# Does your Spec V pull in compliments?



## ny-capo (May 16, 2003)

I know when my brother got his IS 300, everyone would ask, "doesn't your brother drive the IS 300" etc. Do you guys get this kind of recognition with your Specs? Lets hear some stories


----------



## theimportscene (Jan 29, 2003)

damm... i get that w/ my B14, ppl woud droool over specs in michigan....


----------



## ny-capo (May 16, 2003)

I'm talkin stock, unless your B14 pulls that in stock. I mean the IS is such a clean car, almost everything on a stock IS is perfect, and thats how I see the Spec, good styling (02-03 only), 6spd distinctive styling, 17's, etc.


----------



## sr20dem0n (Mar 19, 2003)

I always get people complimenting my SE, I think it's because when I tell them I have a sentra they expect a granny car, then they see it and it blows their mind. I also get a lot of people asking if it's a "V-Spec"


----------



## theimportscene (Jan 29, 2003)

yea... well stock the IS300 is a very competitive vehicle... something different than the 3 series.... which is what gets a lota attention around my areas.... but since i am biased towards nissan, spec-vs always turn my head....


----------



## ny-capo (May 16, 2003)

Well I guess they should have called it V Spec since that's what the Skyline is, but Spec V is cool too. BTW, anyone with the Fosgate stock sub in the back, how does the overall stock package sound? Can it hit pretty hard?


----------



## DiGaBLe (May 21, 2003)

The stock 8 sub gets a descent kick.
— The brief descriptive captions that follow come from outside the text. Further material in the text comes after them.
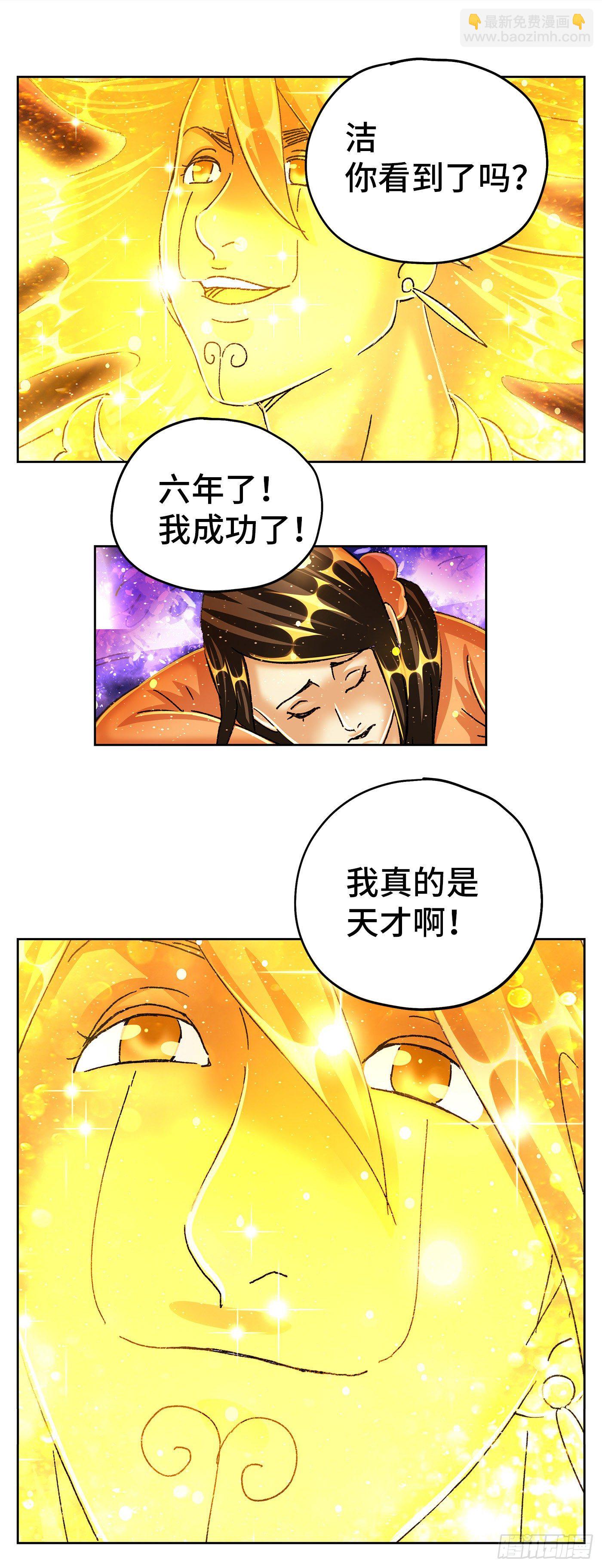 🍺恶偶 (天才玩偶) 第五百五十八话 第7页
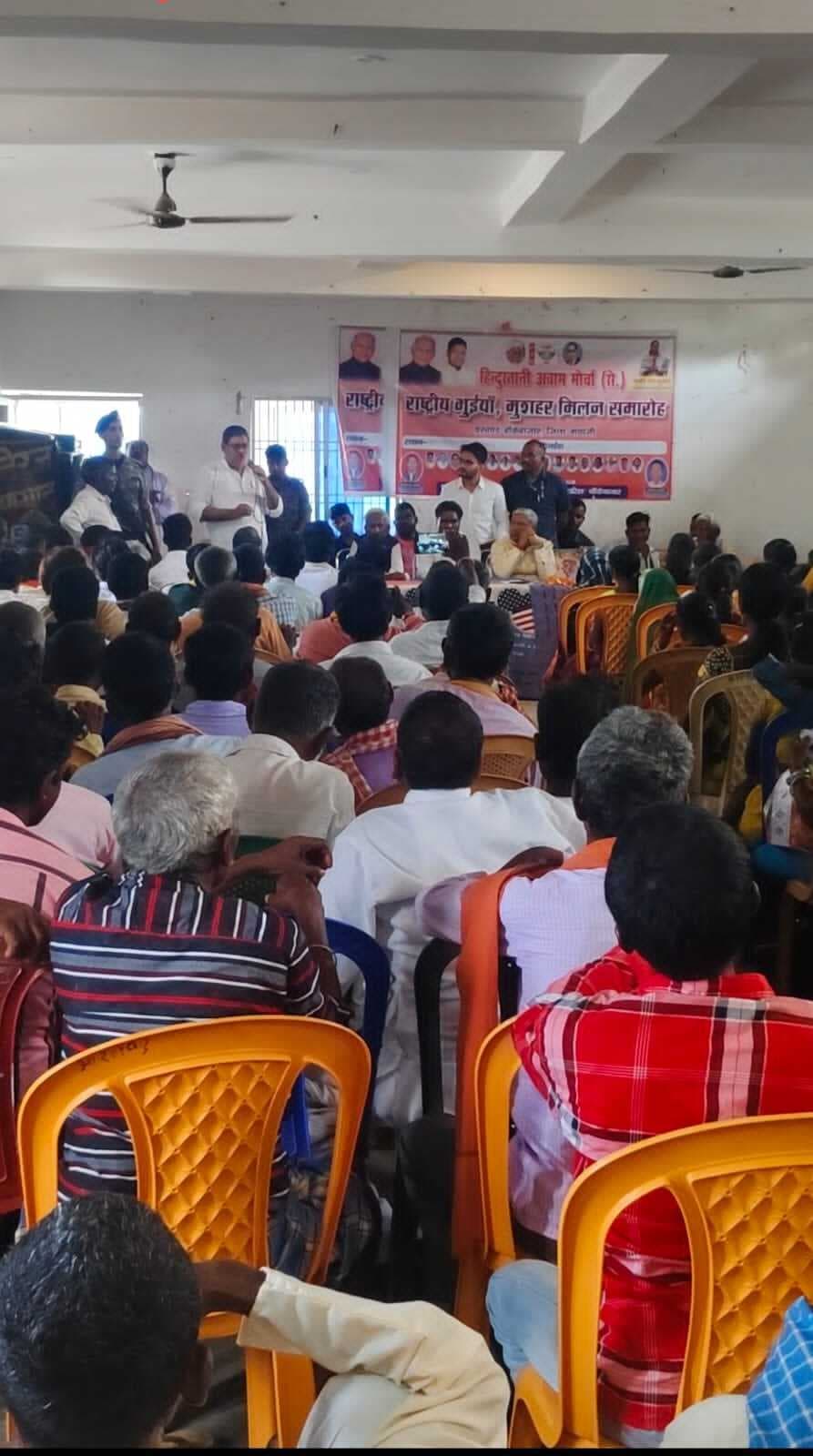 महादलित सम्मेलन में मंत्री ने दिखाई राजनीतिक एकजुटता की राह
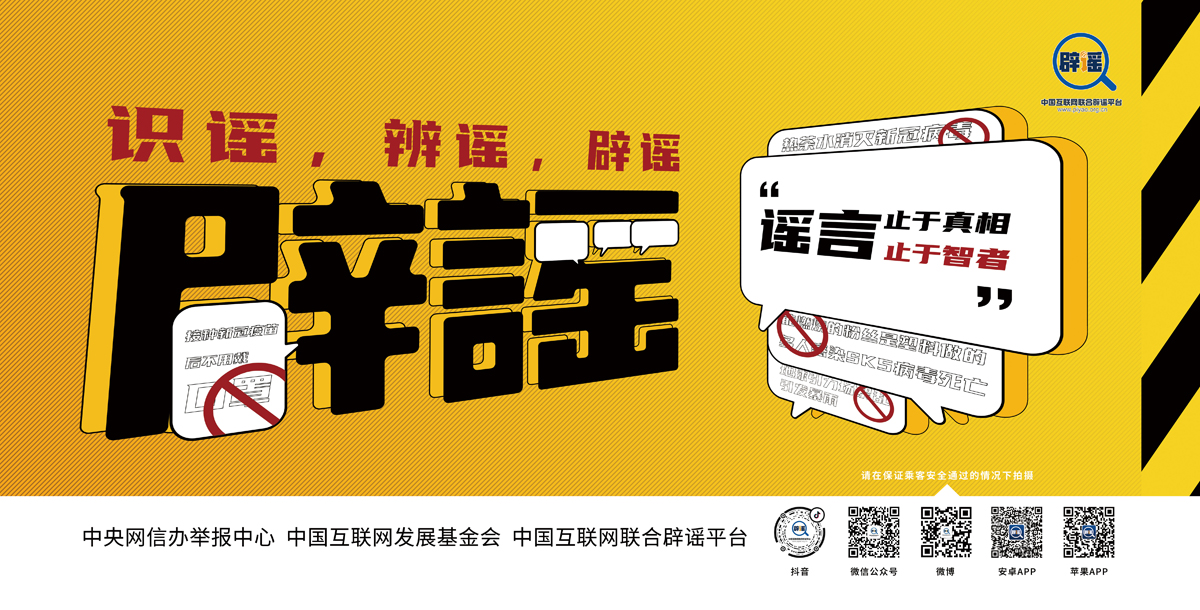 微信图片_20210830091331.jpg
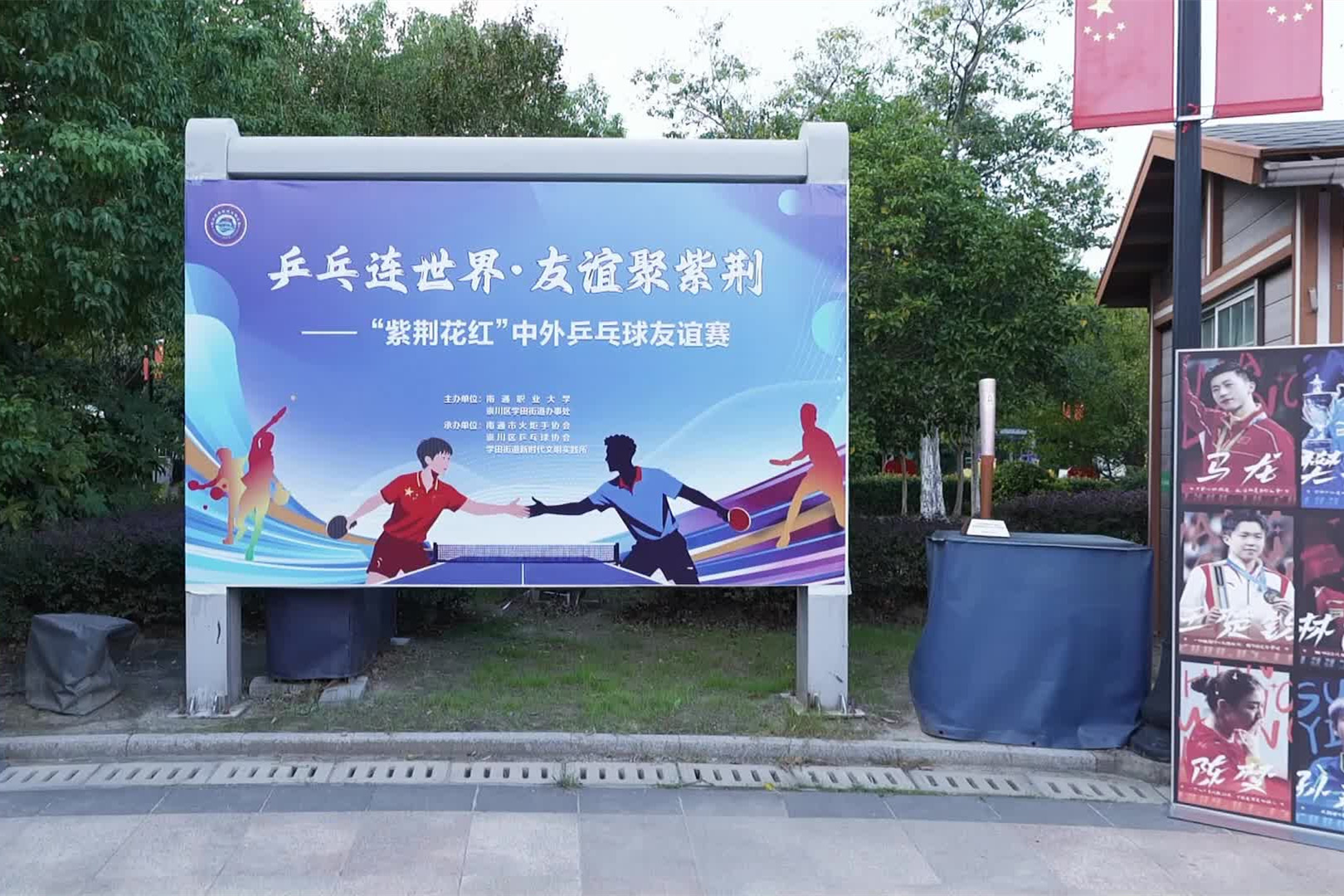 nantong table tennis.jpg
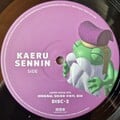 Disc-2 (Kaeru Sennin Side) label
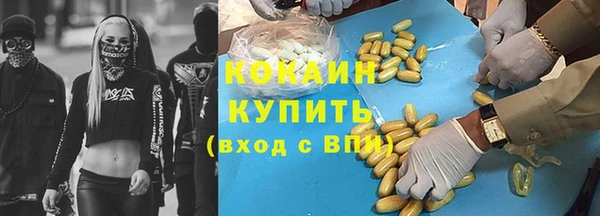 винт Кулебаки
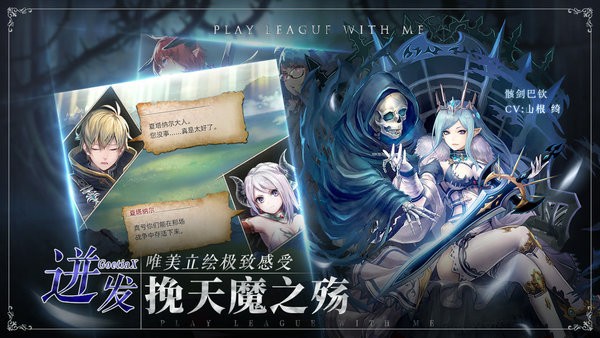 王者战绩oppo版图2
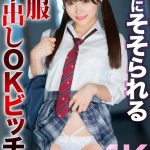 【4K】最高にそそられる制服中出しOKビッチ れい 美澄玲衣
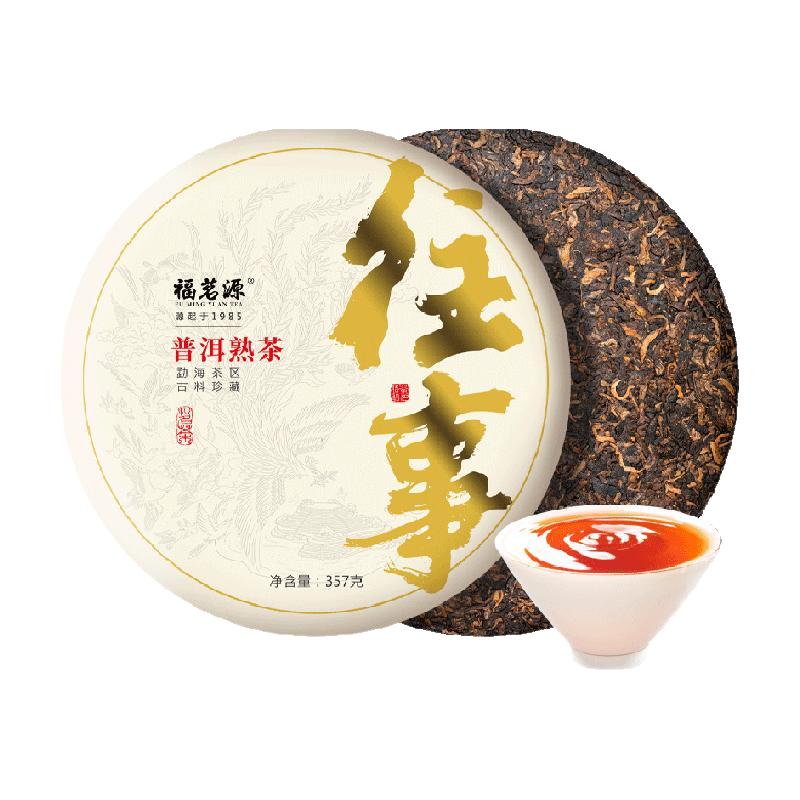 福茗源 2017年勐海古树纯料春茶 普洱茶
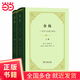 金枝(全兩冊)（精裝本）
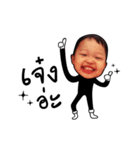 Taksang（個別スタンプ：8）
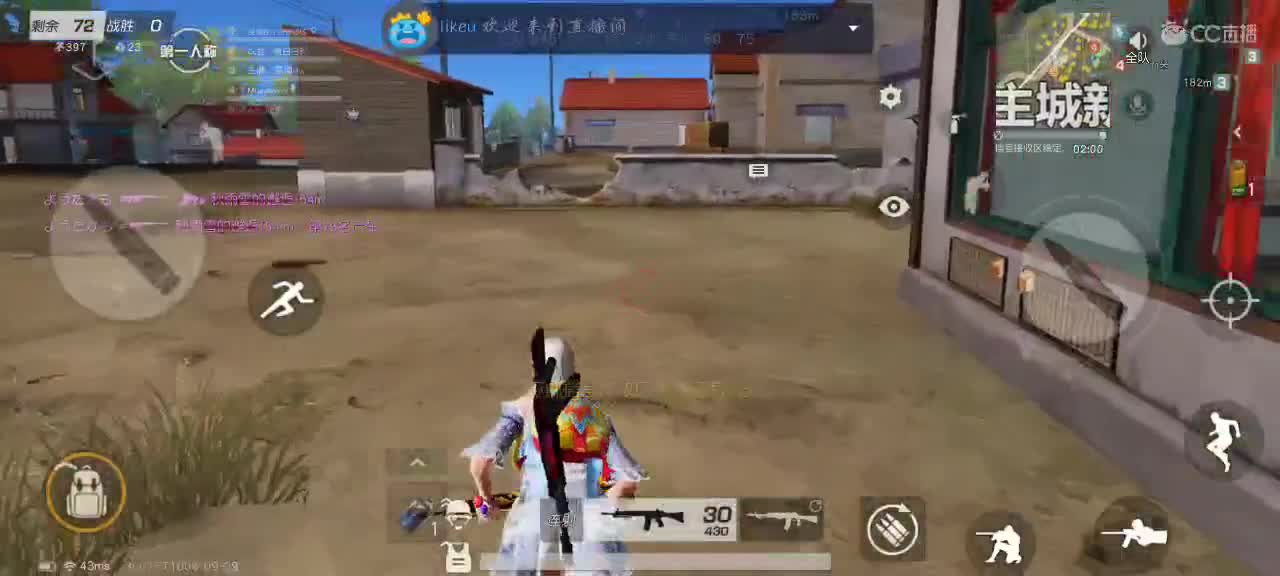 2199就是…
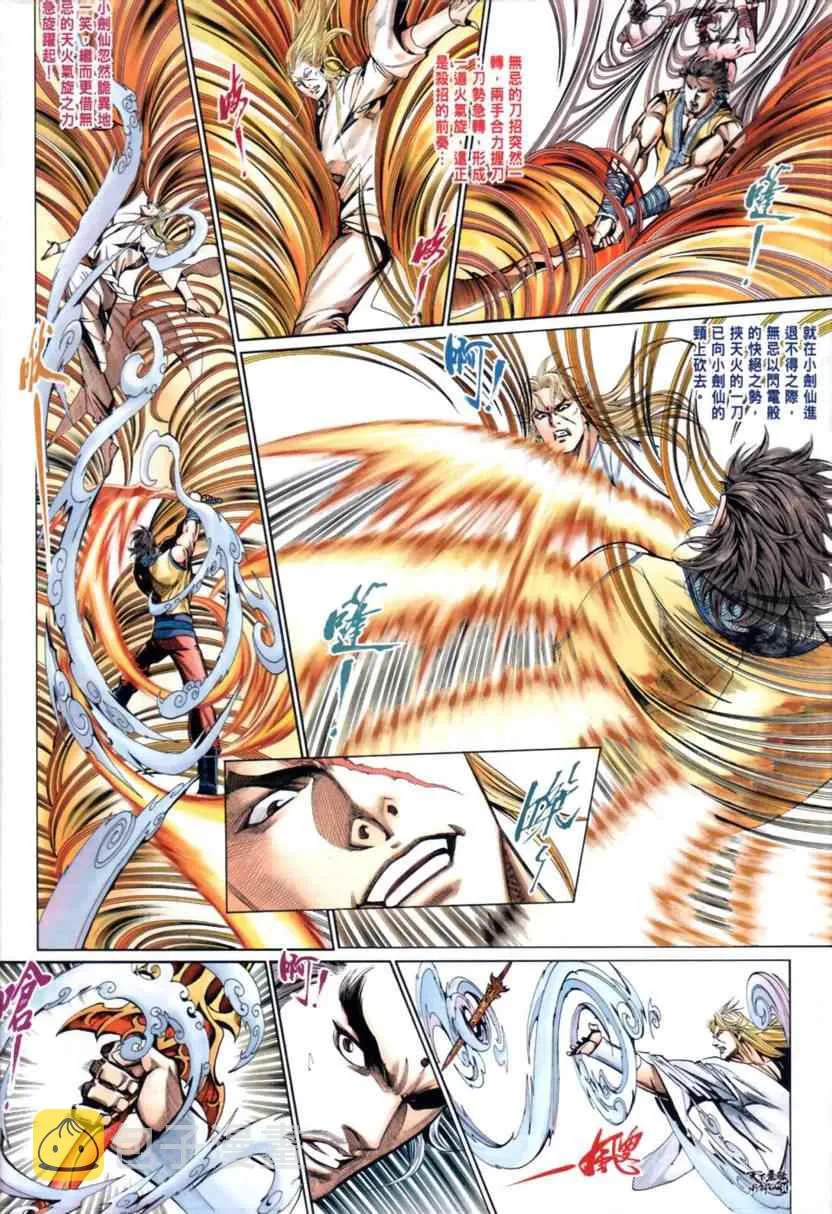 第31话 第31页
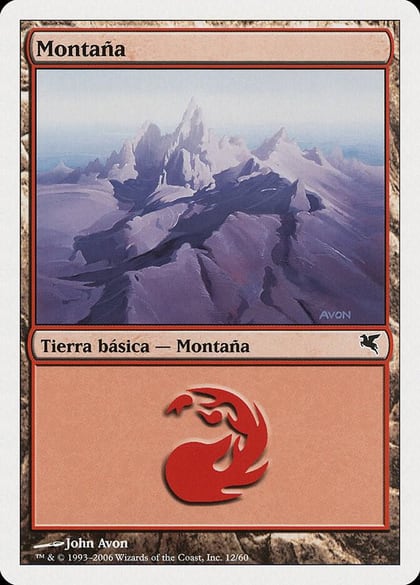 Mountain (Spanish) - "Montana" (C12), Magic Encyclopedia 2005 (Salvat/Hachette) C12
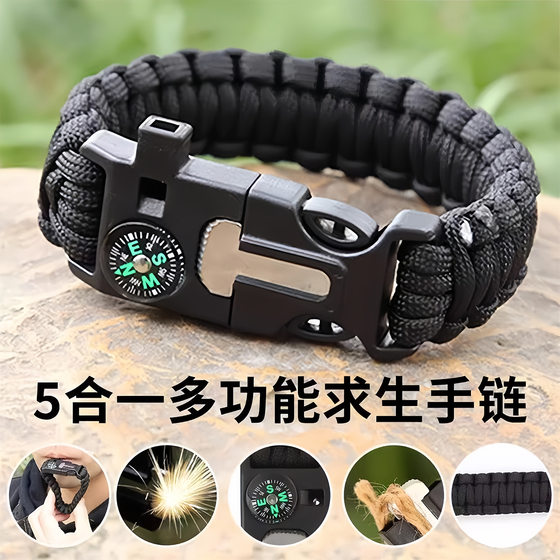 Five-in-one survival bracelet compass flint bracelet outdoor escape survival bracelet whistle flint bracelet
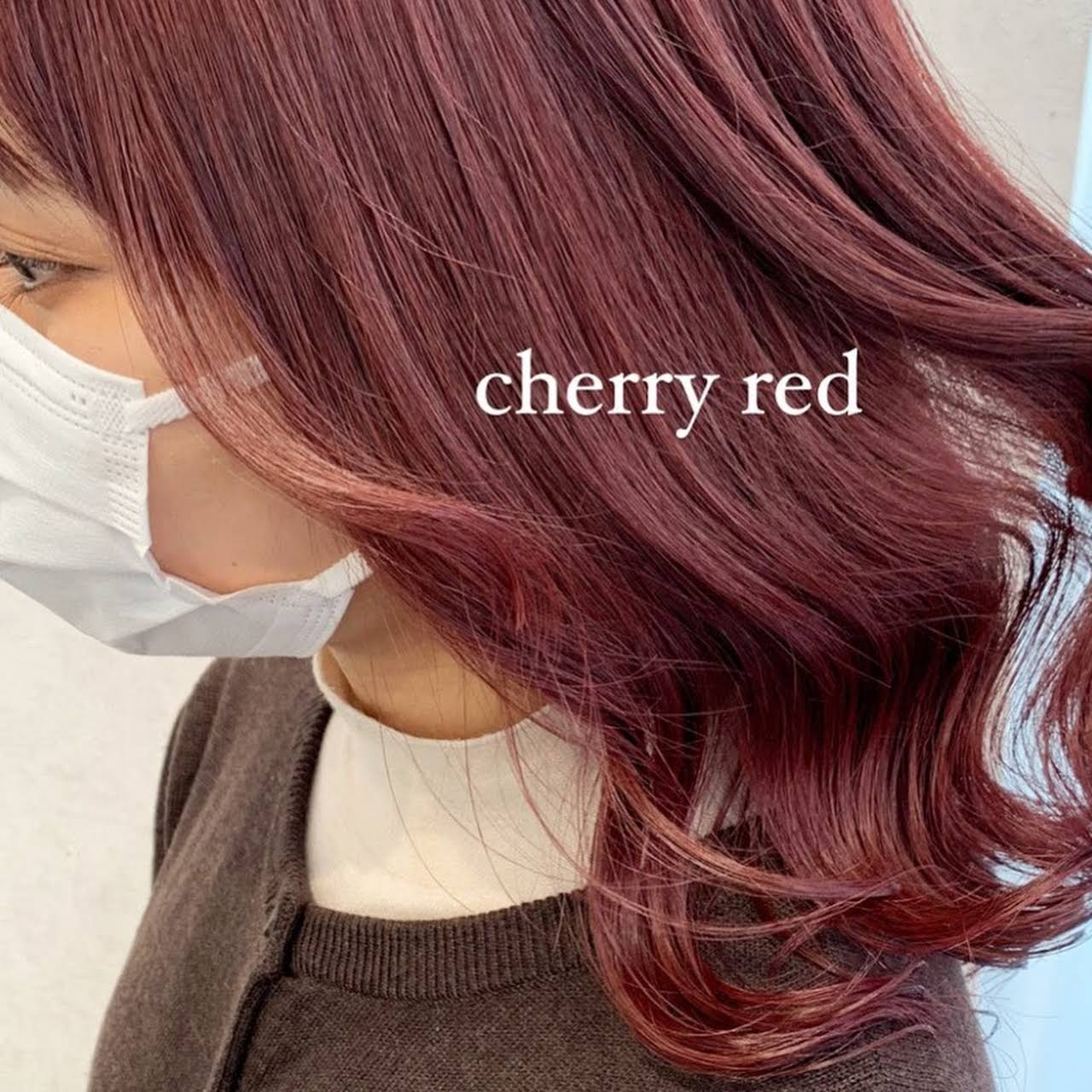 Chandeur栄 シャンドゥール 美容院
If you are in no rush to get pimped out sounds, it will do.


----------



## OneFastStanza (Mar 6, 2003)

ny-capo said:


> *Well I guess they should have called it V Spec since that's what the Skyline is, but Spec V is cool too. BTW, anyone with the Fosgate stock sub in the back, how does the overall stock package sound? Can it hit pretty hard? *


They didn't call is a V Spec cause that is what they were going to do but the Skyline peeps b!tched and moaned (with good reason I suppose) about it so they changed it to Spec V. that is my understanding of it.


But my Spec does get complimented from time to time. I wonder what it would be like to roll in a Skyline :banana:


----------



## muphasta (Aug 12, 2002)

A buddy of mine liked my car so much, he went out and got one for himself. Mine is '02 black, and his is '03 silver.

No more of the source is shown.